Floating restaurants, boats still on pontoons, walkways, an array of items from homes, work places and rural properties.  Cars, trucks, shipping containers – all swept away in raging torrents.  Along with some humans.  Currently 16 are listed as deceased.

Everyone is affected.  Fortunately there is amazing community spririt, and as the waters recede volunteers by the thousands are working with those affected – cleaning out homes, shops, sweeping roads, removing rubbish, cooking and providing food for the volunteers and lots more.  The clean up has begun.  “Rebuilding a shattered city.”

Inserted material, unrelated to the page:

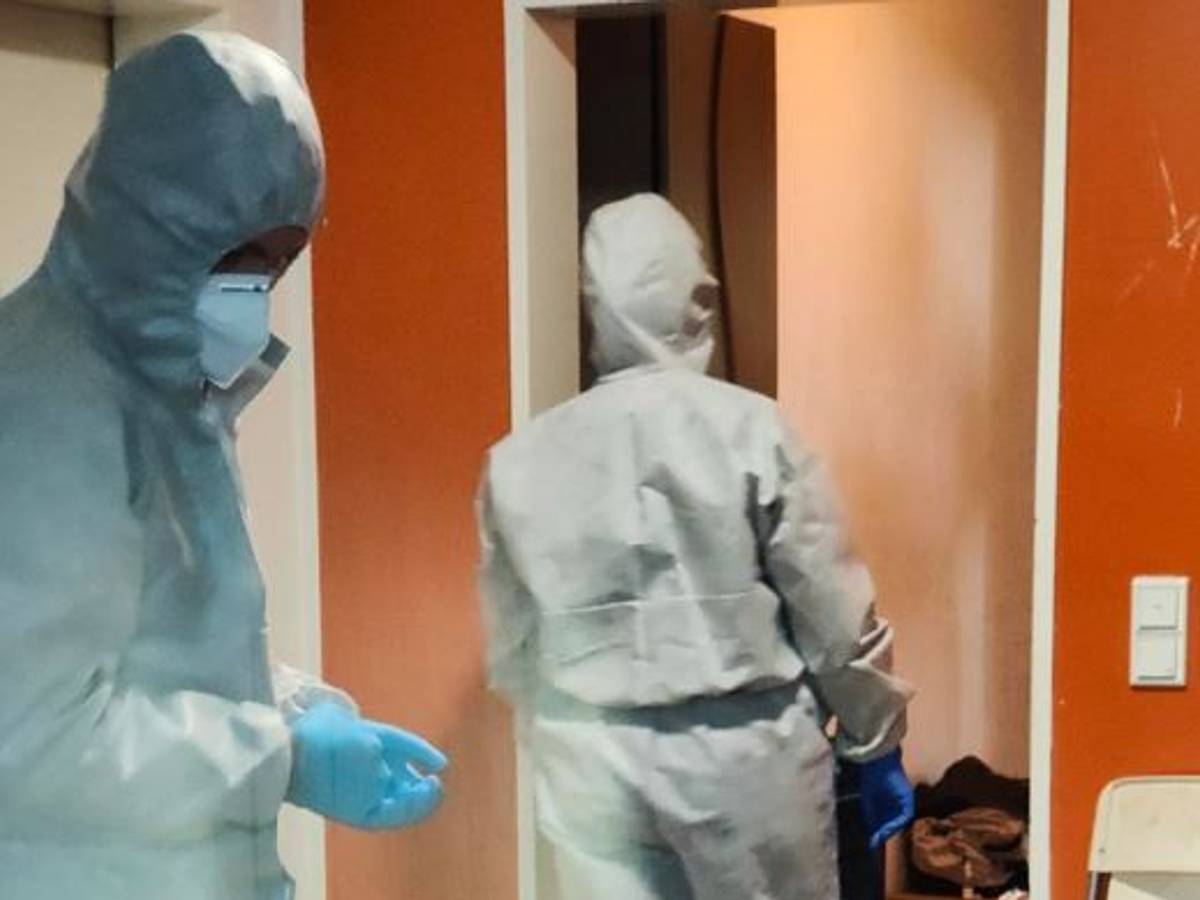 In Ganzkörperanzügen sichern zwei Kräfte der Polizei Spuren an einer Wohnung.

The collateral damage is quite extra ordinary too.  50,000 houses still have no power.  That incudes houses that were flooded and those homes that somehow escaped.

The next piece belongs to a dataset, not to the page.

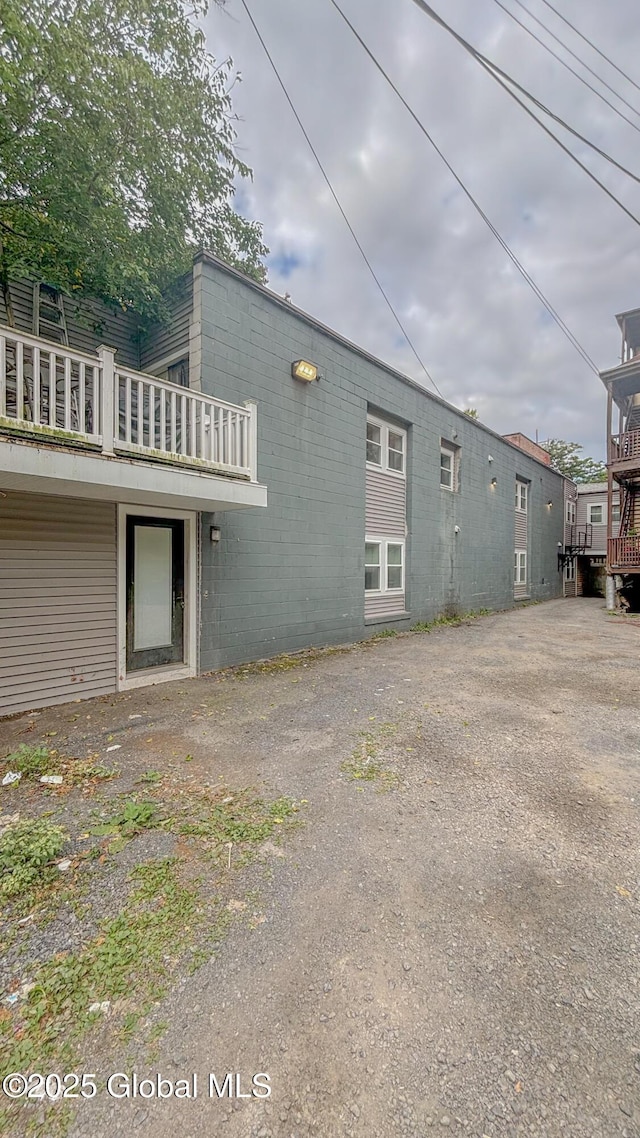 view of side of home featuring concrete block siding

What is ‘collateral damage’?  According to Wikipedia “Collateral damage is damage that is unintended or incidental to the intended outcome. The term originated in the United States military, but it has since expanded into broader use.”  In our case, it is the things that happen that was not directly resulting from the floods.

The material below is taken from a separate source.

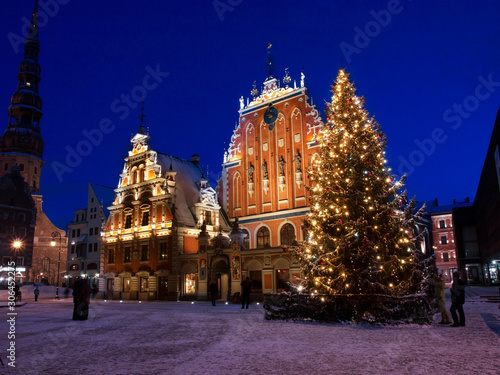 Blackhead House and Christmas Tree at night in the capital of Latvia Riga in winter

Some people live and/or work near the flood zones, but have no electricity, and some may not have any for some time.  If their area is badly damaged it will be a while, so any normal life is unlikely.  Some people worked within the flood area, and their place of employment is damaged or destroyed.  Perhaps they will have no job.  There are people who live near the floods, but who are restricted in movement.  It is difficult to go anywhere.  The supermarkets near the flood zone were almost empty. Fruit, vegetables, milk and bread were gone, and other products were in short supply.  As farms have lost their properties, and their crops – so prices will be sky high.  People in the floods will have emotion problems, but those who were not may also have emotional problems.  Just watching the news footage is disturbing for all and those who have been spared feel guilt.

The mines were flooded – and the rail lines destroyed, so those who work in the mines will have no work, and no money.  Not everyone could be insured – flood insurance was expensive, and loopholes will mean some folk who thought they were covered are not.  The huge trucks that deliver products to supermarkets and other retailers are destroyed.  It will be  a while before life returns to normal. 

Our tourism industry is at a standstill – our state is not a clean, green nice place to come right now, city hotels are unreachable, restaurants not operating.  The fishing industry – professional and recreation has been affected.  There is so much rubbish floating in the river and out in Moreton Bay, that any boating is unsafe.  Much recreation is impossible. Bicycle and walking paths are destroyed. And so it goes……

Who knows what the real cost to we Queenslanders, or to Australia, will be. As Premier Bligh said “it will be a BIG number.”

There will be much, much more ‘collateral damage.’  Costs of everything will rise, and somehow our government will have to raise the billions to pay for it.  We will all pay.